Now, BRIC is broken.
"Volatility in emerging markets is creating huge challenges for auto companies," said Mike Hanley, global automotive leader for professional services firm EY -- formerly Ernst and Young -- in an interview. "There cannot be such a rush to put capacity in these markets (because) the economies are not taking off. They have to more carefully manage growth."
In Brazil, light-vehicle sales in 2013 fell 0.9%, the first decline in a decade; growth had averaged more than 10% in each of the previous 10 years. In Russia, light-vehicle sales fell 5.5% in 2013, following three years of strong growth. In India, 2013 auto sales fell 10%, the first annual decline in 11 years.
Among the BRIC countries, only China defies the trend. In 2013, sales rose 14% to 22 million, as China became the first country where more than 20 million cars were sold.
In general, the negative results are continuing this year, as are the positive trends in China.
"Are Emerging Markets the new Achilles heel of the Automotive Industry?" consulting firm LMC Automotive asked recently in a recent press release, where the firm did something that is rare in the forecasting business: It admitted that it had been wrong.
In September, the firm said, it projected that 2014 would bring single-digit automotive sales growth in five emerging markets: Argentina, Brazil, India, Russia and Turkey. But in April, LMC revised that forecast.
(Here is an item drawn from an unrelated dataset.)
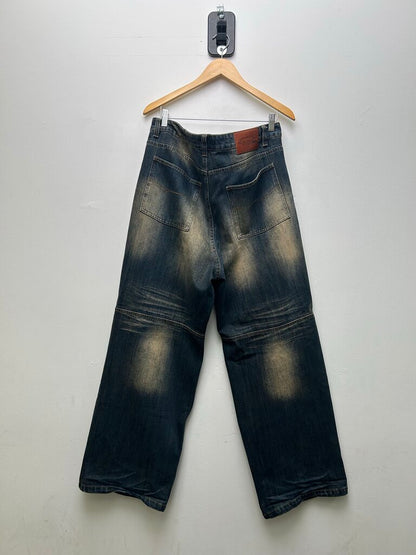 Preowned Hidden Season Dark Wash Denim Size Large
Now it sees full-year declines of 27% in Argentina, 20% in Turkey, 9% in Russia and 4% in Brazil.
Also, LMC now forecasts 3% growth in India, down from its September forecast of 9%. It now forecasts a 20% decline in Thailand; it had predicted a decline of 9%.
"While the U.S., China and Western Europe continue to be likely sources of expansion in 2014, driving our outlook for the year, a number of large and previously dynamic emerging markets have moved from growth to stagnation, or even outright contraction," said Pete Kelly, managing director of LMC Automotive, in a prepared statement.
As for China, it remains a mixed picture, despite the positives.
Chinese domestic automakers are generally losing share, but the international companies are flourishing. Ford's (F) 2013 sales rose 49% to 935,818 units and sales by market leader GM (GM) rose 11.4% to 3.16 million.